Paura e insicurezza: eredità di una pandemia

Sono passati tre anni da quando, senza preavviso e senza capire bene cosa stesse succedendo, ci siamo ritrovati chiusi in casa, limitati in tutte le nostre libertà fondamentali e tenuti sotto scacco da una delle paure più grandi, quelle della malattia e delle sue conseguenze più estreme. Trentasei mesi che sembrano molti di più; timori e insicurezze che, forse, non sono stati superati come si potrebbe pensare (o sperare).

L’isolamento, la mancanza di stimoli, la paura, la rabbia e l’essersi privati del contatto dei propri cari – spiega la dottoressa Monica Chiovoloni, specializzata in counseling psicologico e test diagnostici a Castelnuovo di Porto – hanno fatto cadere le persone più fragili, tra cui numerosi giovani, in uno stato depressivo, con un conseguente aumento del disturbo stesso e dell’uso dei farmaci antidepressivi”.

Sebbene la quotidianità sia andata avanti, complice anche una guerra che, a due passi da casa, ha catalizzato la nostra attenzione, la pandemia non ha smesso di influenzare le nostre vite: “Tra le manifestazioni più comuni troviamo le alterazioni dell’umore: scoppi di collera manifestati verbalmente o nei comportamenti; umore depresso che porta a sentirsi tristi, vuoti e disperati; frustrazione generale, perdita di interesse e di piacere verso tutte le attività; astenia, stanchezza, insonnia, scarso appetito; senso di autosvalutazione o colpa, accompagnato da una diminuzione della capacità di concentrazione e di memoria, oltre a una manifesta indecisione – aggiunge la dottoressa Chiovoloni – Non mancano neppure  le considerazioni negative verso se stessi e verso gli altri, oltre a ricorrenti pensieri di morte”.

Fondamentale è sensibilizzare sull’importanza del proprio benessere interiore, superando il pregiudizio che pone le difficoltà psicologiche in secondo piano: “I disturbi dell’umore vanno curati tempestivamente – dice sempre la professionista – sia con una eventuale terapia farmacologica prescritta da uno specialista, sia con un percorso di counseling o psicoterapia.
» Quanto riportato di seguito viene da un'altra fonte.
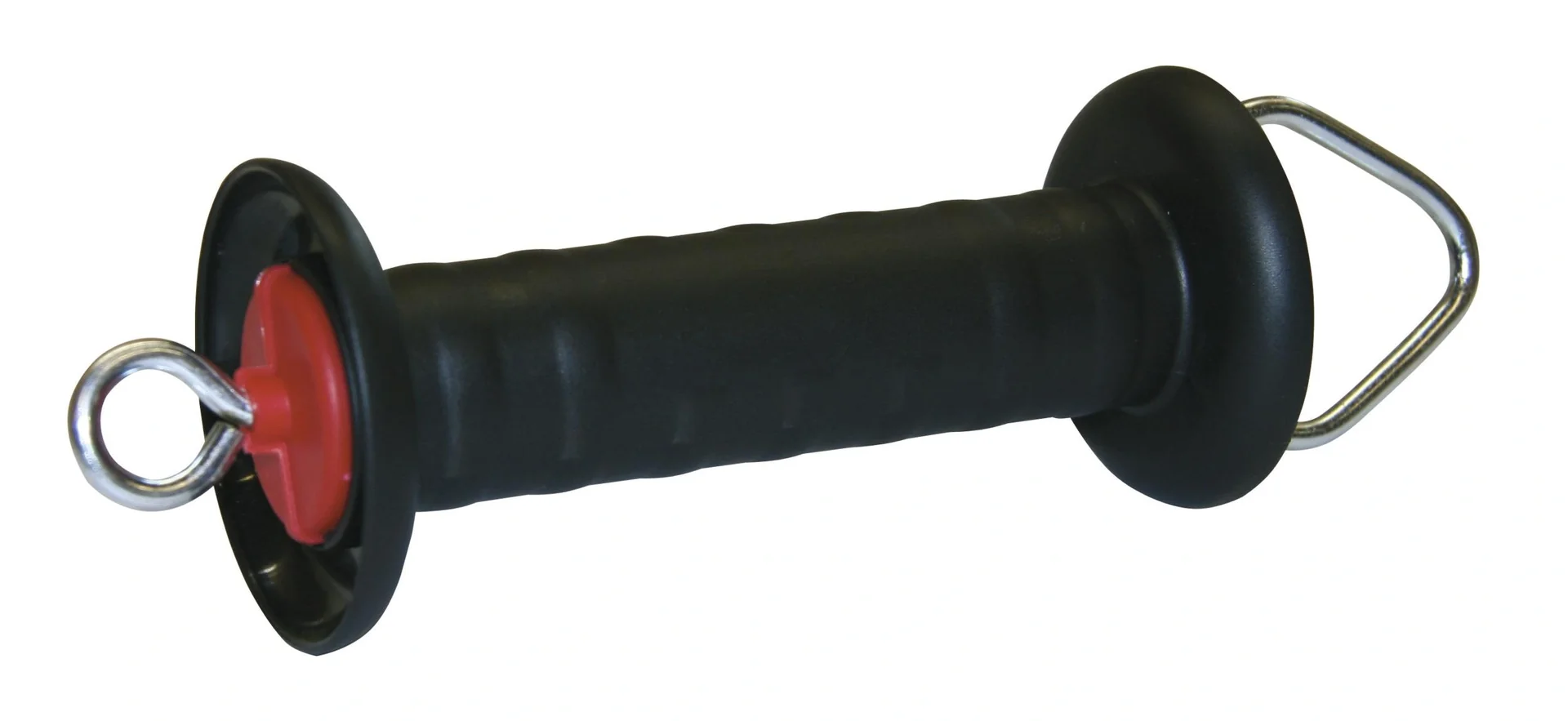 Torgriff mit Öse - 2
La richiesta dell’intervento di un professionista che ci guidi e sostenga durante il viaggio nel nostro inconscio, è, fortunatamente, pratica sempre più diffusa.

Tanti gli strumenti a disposizione per chi decide oggi di intraprendere un percorso di analisi e indagine, oltre a un’attenzione sempre più sentita verso certe tematiche: “Quando un individuo, con l’ausilio del terapeuta, decide di portare alla coscienza le sue parti ombra per trovare una soluzione alle difficoltà che lo assillano – precisa la dottoressa Chiovoloni – deve affrontare una serie di step che aiutino lo psicologo a individuare la terapia più appropriata. A prescindere dalla tipologia scelta, i diversi test hanno una loro forza intrinseca in grado di accordarsi, come fossero uno strumento musicale, al genere di “melodia” espressa dall’individuo”.

La pandemia, con il bagaglio di paure e insicurezze che si è portata dietro, ha messo in discussione non solo le nostre priorità, ma anche le nostre certezze: “Il test della famiglia di Corman ci permette di individuare gli elementi che ci tengono ancorati al passato, delineando quella che è la nostra famiglia ideale; il test della figura umana di Machover, invece, individua tutti gli elementi che lavorano al di sotto della coscienza, arrivando a capire chi siamo. Solo da lì – precisa infatti la dottoressa – si può ripartire per trovare la nostra giusta dimensione”.

Per stare bene con noi stessi, dobbiamo imparare a stimolare la nostra curiosità, dando ampio spazio alla creatività: “La terapia diviene strumento di liberazione e affrancazione da tutte quelle energie che restano represse. L’arte è strumento che ci nutre e libera le energie nascoste”.

L’arte diviene così strumento di analisi ed elaborazione di un periodo che ci ha segnato più di quanto si voglia ammettere: “Lavorando sulla mindfulness si stimola l’introspezione e si sviluppano le capacità creative – aggiunge la dottoressa Chiovoloni –  Le emozioni hanno una loro nuance e noi possiamo vederle rappresentate su supporti diversi, imparando a entrare in contatto con loro”.